Studio album by Grandmaster Flash
- Released: April 7, 1987
- Genre: Hip-hop
- Labels: Elektra 60723
- Producers: Gordon Anderson Brian "Chuck" New Larry Smith

Grandmaster Flash chronology
| The Source (1986) | Ba-Dop-Boom-Bang (1987) | On the Strength (1988) |

= Ba-Dop-Boom-Bang =

Ba-Dop-Boom-Bang is the fifth album released by Grandmaster Flash. It was released in 1987 on Elektra records. The cassette version was titled Ba-Dop-Boom-Bang...And More and the CD version was titled Ba-Dop-Boom-Bang...And Even More – each containing bonus tracks that were not on the original vinyl.

European pressings of the album misprinted the title of the track "All Wrapped Up" as "All Rapped Up".

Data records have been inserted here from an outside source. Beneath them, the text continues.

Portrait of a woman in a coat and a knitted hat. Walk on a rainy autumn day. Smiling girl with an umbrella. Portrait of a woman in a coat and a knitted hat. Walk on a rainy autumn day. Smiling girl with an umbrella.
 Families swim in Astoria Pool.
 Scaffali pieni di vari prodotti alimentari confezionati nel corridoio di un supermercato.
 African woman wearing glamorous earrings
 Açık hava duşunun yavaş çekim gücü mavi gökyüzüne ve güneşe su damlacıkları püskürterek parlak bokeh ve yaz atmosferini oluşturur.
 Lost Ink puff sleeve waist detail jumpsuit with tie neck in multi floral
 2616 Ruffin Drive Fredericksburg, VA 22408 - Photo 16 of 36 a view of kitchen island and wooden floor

It was reissued in the US on CD in 2005 by Collectors' Choice Music. This release reverted to the original vinyl track listing and omitted any additional tracks. The booklet also removed the printed credits and lyrics and replaced them with a new essay by Peter Relic. It also repeated the artwork mistake made to the track listing that initially appeared on the European pressings of the original LP and made an additional one (*).

Professional ratings
Review scores
| Source | Rating |
| AllMusic | Star |

== Track listing ==

===1987 vinyl release – Elektra (60723-1) ===
Side 1
1. "Ain't We Funkin' Now" – 0:59
2. "U Know What Time it Is" – 3:23
3. "Underarms" – 3:09
4. "Kid Named Flash" – 3:58
5. "Get Yours" – 3:34
6. "Them Jeans" – 3:16
7. "We Will Rock You" – 2:46

Side 2
1. "All Wrapped Up" – 3:16
2. "Tear the Roof Off" – 2:29
3. "Big Black Caddy" – 4:03
4. "House that Rocked" – 4:00
5. "Bus Dis (Wooo)" – 3:07
6. "I am Somebody" – 3:34
7. "Ain't We Funkin' Now" – 1:20

=== 1987 CD release – Elektra (60723-2) ===
1. "Ain't We Funkin' Now" – 0:59
2. "U Know What Time it Is" – 3:23
3. "Underarms" – 3:09
4. "Kid Named Flash" – 3:58
5. "Get Yours" – 3:34
6. "Them Jeans" – 3:16
7. "We Will Rob You" – 2:46 (**)
8. "All Wrapped Up" – 3:16
9. "Tear the Roof Off" – 2:29
10. "Big Black Caddy" – 4:03
11. "House that Rocked" – 4:00
12. "Bus Dis (Wooo)" – 3:07
13. "I am Somebody" – 3:34
14. "U Know What Time It Is" (Extended Version) – 3:52
15. "Big Black Caddy" (Extended Version) – 4:54
16. "Ain't We Funkin' Now" (Extended Version) – 3:44
17. "All Wrapped Up" (Extended Version) – 5:06
18. "Kid Named Flash" (Extended Version) – 4:58

===1987 cassette release – Elektra (60723-4) ===
Side A
1. "Ain't We Funkin' Now"
2. "U Know What Time It Is"
3. "Underarms"
4. "Kid Named Flash"
5. "Get Yours"
6. "Them Jeans"
7. "We Will Rock You"
8. "She's Just A Tease / Ain't We Funkin' Now"

Side B
1. "All Wrapped Up"
2. "Tear The Roof Off"
3. "Big Black Caddy"
4. "House That Rocked"
5. "Bus Dis (Wooo)"
6. "I Am Somebody"
7. "Ain't We Funkin' Now / We Will Rob You"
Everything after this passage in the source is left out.